Go Back
Smothered Chicken and Rice
Emily

Smothered Chicken and Rice

Prep Time 10 minutes
Cook Time 25 minutes
Total Time 35 minutes
Servings: 4
Course: Main Course
Cuisine: American
Calories: 420

Ingredients
  

  • 4 boneless, skinless chicken breasts or thighs, cut into chunks
  • 2 tbsp olive oil
  • 1 medium onion, diced
  • 2 cloves garlic, minced
  • 1 cup chicken broth
  • ½ cup heavy cream
  • ½ cup diced tomatoes (optional)
  • 1 tsp paprika
  • 1 tsp dried thyme
  • ½ tsp cayenne pepper (adjust to taste)
  • Salt and pepper, to taste
  • 2 tbsp fresh parsley, chopped (for garnish)
  • 2 cups cooked white rice

Equipment

  • Large skillet with lid
  • Wooden spoon or spatula
  • Cutting board & knife

Method
 

  1. Heat olive oil in a large skillet over medium-high heat.
  2. Season chicken pieces with salt, pepper, and paprika.
  3. Cook until golden brown on all sides, about 5 minutes.

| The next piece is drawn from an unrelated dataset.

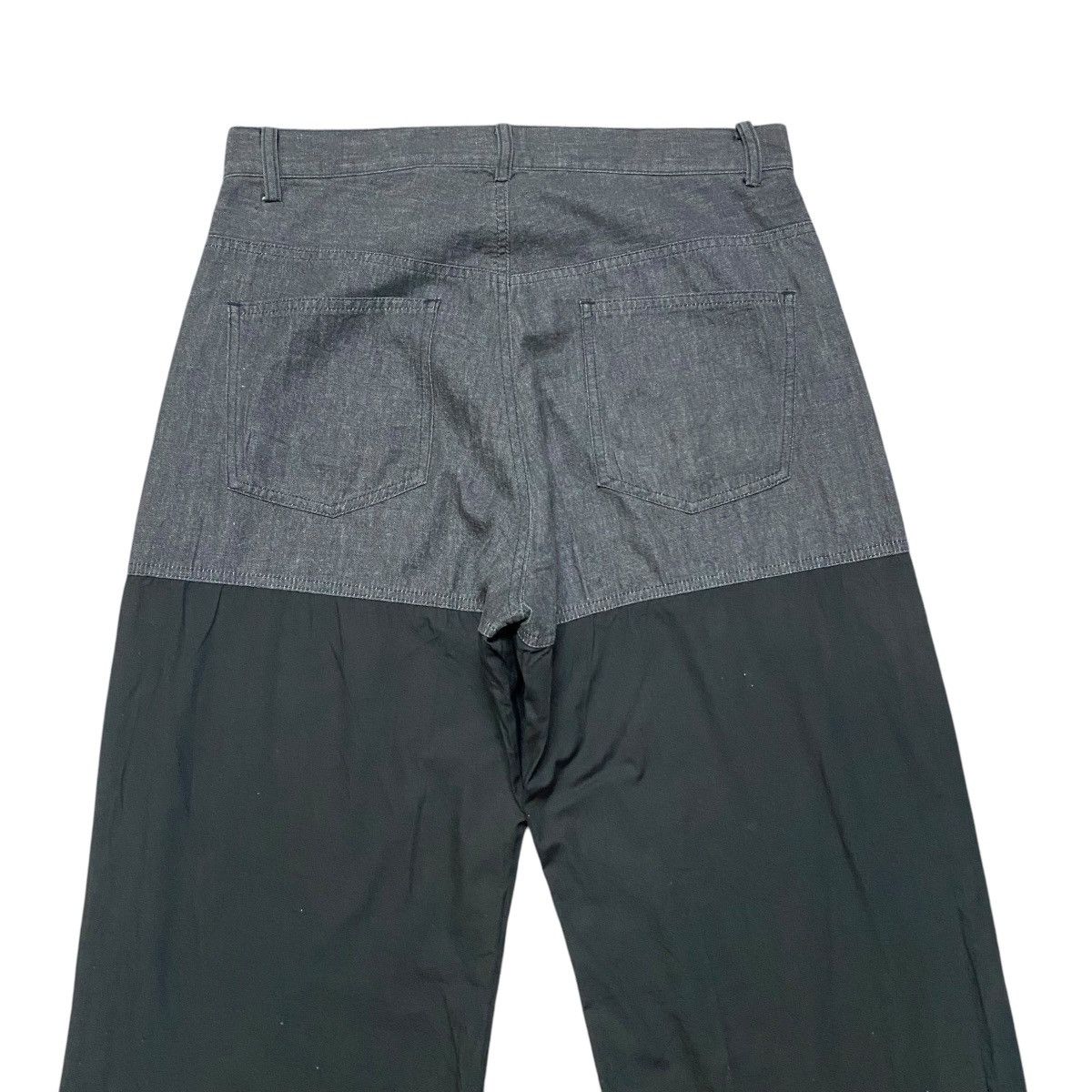KEITAMARUYAMA Kieta Maruyama Denim Hybrid Wide Leg Baggy Pants Size US 32 / EU 48 - 10 Thumbnail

Remove and set aside.
  4. In the same skillet, add diced onion and cook until soft and translucent.
  5. Stir in minced garlic and cook for 1 minute until fragrant.
  6. Pour in chicken broth and heavy cream, scraping the bottom to release browned bits.
  7. Add diced tomatoes (if using), thyme, and cayenne pepper.
  8. Simmer for 3–4 minutes to thicken slightly.
  9. Return the seared chicken to the skillet.
  10. Cover and simmer for 10–15 minutes until chicken is cooked through and sauce is creamy.
  11. Spoon the smothered chicken and sauce over a bed of warm white rice.
  12. Garnish with freshly chopped parsley.

Notes

  • If sauce becomes too thick, stir in a splash of chicken broth.
  • For a richer flavor, add a pat of butter at the end before serving.